The Brazilian manufacturer's chief executive Fred Curado says all that now remains to be completed in the Phenom 100 certification programme are "reports on some components" and "we expect certification to happen before the end of this month - in a couple of weeks or so".

Curado acknowledges that Embraer's failure to complete certification in the third quarter as originally scheduled has dented the manufacturer's quarterly earnings because contributions were not made by Phenom 100 risk-sharing partners - these would have been used to offset research and development costs. But Curado says Embraer is still expected to attain its profit targets for the full year because these contributions will now be made in the fourth quarter, pending certification.

Since flying the aircraft for the first time last year, and as late as early September, Embraer has insisted it would meet its target of certificating the Phenom 100 before the end of the third quarter. Curado now says "we really feel comfortable" certification will take place in November. "This is what the programme director assures me every day - before the end of the month," he says.

Embraer for now has not altered its original plan for delivering 10 Phenom 100s before the end of the year and another 120-150 aircraft next year, but Curado acknowledges it is now reviewing whether this is still feasible. "We're in the process of doing an exercise to see whether with this two- to three-month delay in certification we can accomplish that," he says.

Despite the slip in certificating the Phenom 100, Curado says certification for the Phenom 300 light jet is on schedule for "about a year from now or hopefully a little less than a year from now". Two prototype aircraft are flying and the light jet made its public debut last month. "For the final sprint of the Phenom 100 there's a natural concentration of attention of resources to final certification, which will be released to dedicate to the Phenom 300 as soon as we accomplish our type certification," Curado says.

He adds that certification of the Lineage 1000, which was also originally scheduled for mid-2008, should be completed next month. "We're finalising the final installation of the fuel system, so as far as hardware goes we have maybe a two or three week effort still. Then it's down to paperwork," he says. "We're very confident we'll have this in December."

Phenom 100

The aircraft being used for certification returned from the completion centre about a month ago and will also be delivered as the first production aircraft following certification. The Lineage 1000 is a derivative of the Embraer 190.

Meanwhile, Curado echoes comments made last month by executives at rival Cessna and Gulfstream that the intake of new business jet orders is starting to slow, but the record backlogs should be sufficient to ride out any downturn.

"The general outlook for next year is not that positive," Curado acknowledges. "The last few weeks we've seen an important reduction in activity. I think this is now a time for us to hold on to a solid backlog as I think we'll have a dry season for some time.

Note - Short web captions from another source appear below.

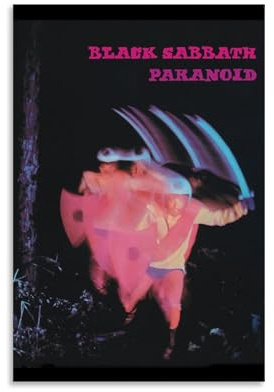 LIRAHRNNKA Black Sabbath Album, Paranoid, dekoratives ästhetisches Leinwandposter, Wandkunst, Dekor, Wohnzimmer, moderne Schlafzimmer-Dekoration, 30 x 45 cm, ungerahmter Stil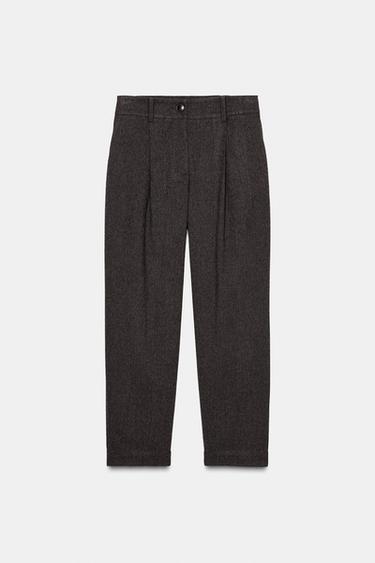 PANTALON À PINCES ÉLASTIQUE AU DOS - Marron de Zara - Image 6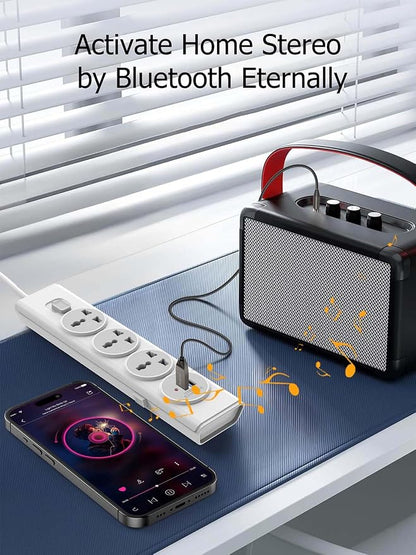 Bluetooth 5.4 Car Aux Adapter, Handsfree Calls, Wireless Music Streaming for Car Home Stereo Speakers Audio System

When I say 'we' I mean not just Embraer, but the whole industry."

But Curado is quick to add that Embraer is sitting on a $7 billion backlog and, given the orders already secured for this year, it is assured sales will surpass deliveries in 2008. The current backlog includes 850 Phenoms and over 20 Lineages.

"We have a backlog stretching out now through 2012 and in some cases 2013. We don't see a huge risk," he says, adding that people are already asking about the chances of advancing deliveries through defaults. "So we feel confident about our backlog."

Embraer, Curado adds, is in particularly good shape because it is only now starting to ramp up production of the Phenom and Lineage lines. "We should certify the Phenom in a couple of weeks and the Lineage in December, so 2009 will be year where we will just be starting to deliver our first airplanes. We have a very strong backlog in those families - and the Legacy is pretty much sold out for next year as well."

But the honeymoon period for business jets is clearly over and Embraer plans to soon release a new forecast which will reflect the new reduced level of demand. "There are several signals out there showing there will be a reduction in demand," Curado says. "This year and 2009 will probably still be a good year in terms of deliveries because everybody has a strong backlog, even with potential cancellations. I think in 2010 you'll probably see a drop in deliveries. Back to the Embraer case, we're sitting on a backlog that stretches out significantly into the future. We tend to believe we have reasonable protection for the short and medium term."